*** Opening Provided material ***

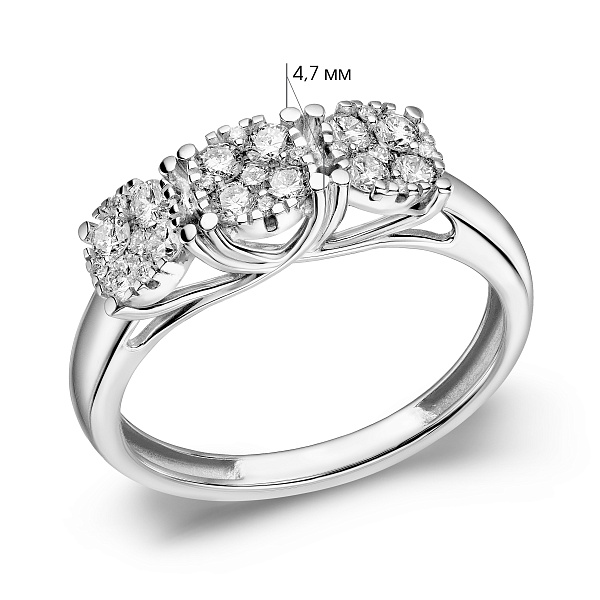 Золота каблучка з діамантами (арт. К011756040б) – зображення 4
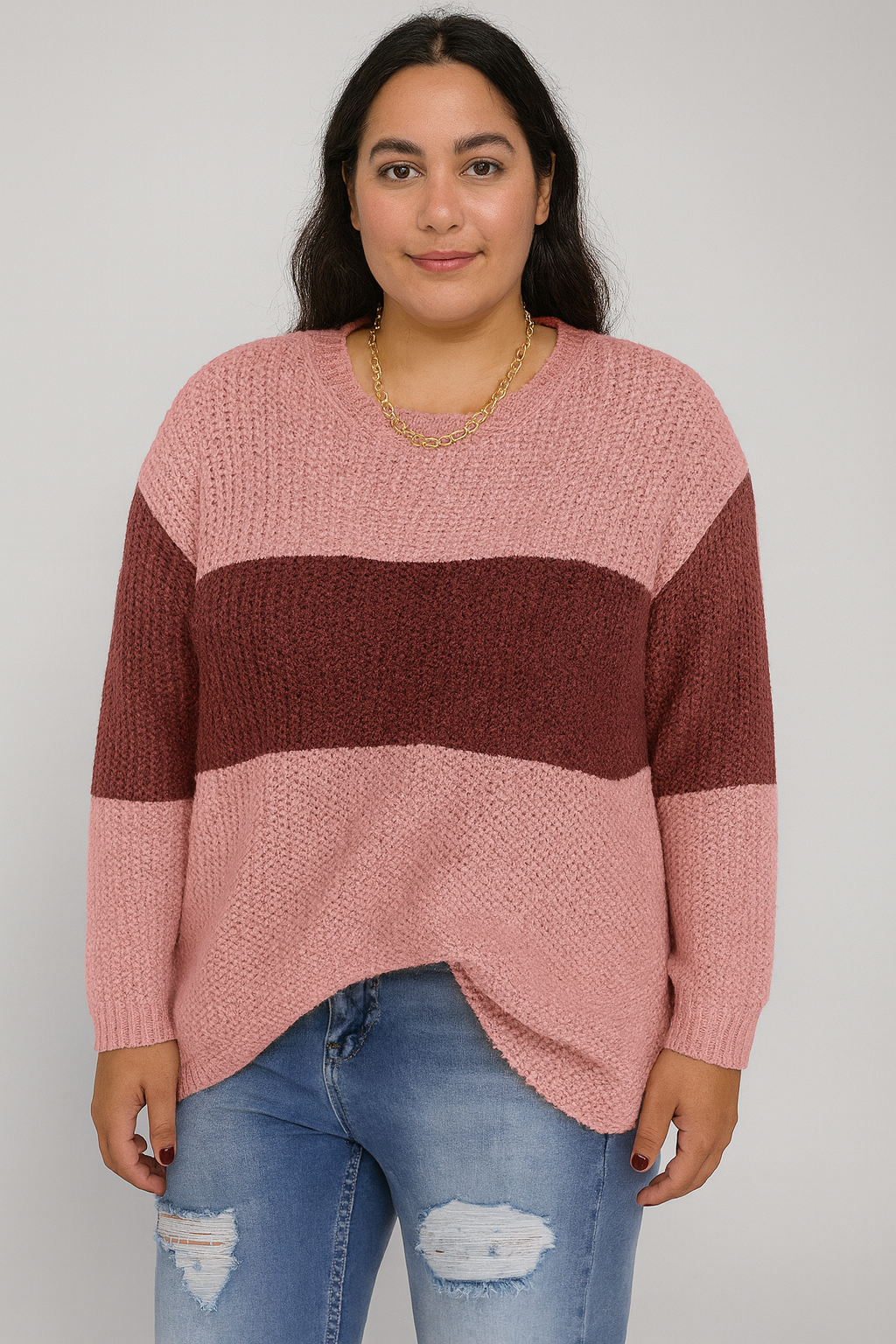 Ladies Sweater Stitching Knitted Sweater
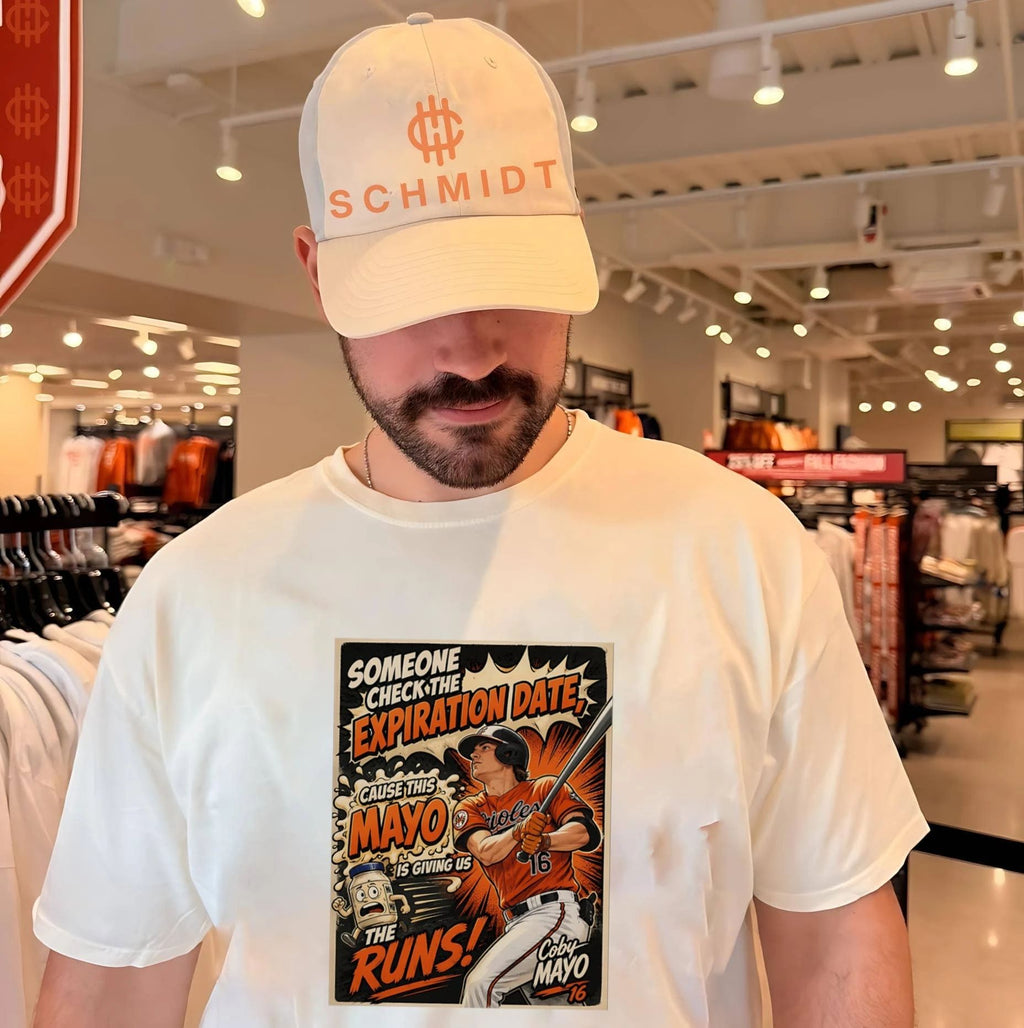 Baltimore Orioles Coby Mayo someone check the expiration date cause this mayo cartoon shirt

*** Closing Provided material ***

» Description of the task
Your reply should consist of the data, transcribed exactly, and should hold no pictures.

» Result of this exercise
 Золота каблучка з діамантами (арт. К011756040б) – зображення 4
 Ladies Sweater Stitching Knitted Sweater
 Baltimore Orioles Coby Mayo someone check the expiration date cause this mayo cartoon shirt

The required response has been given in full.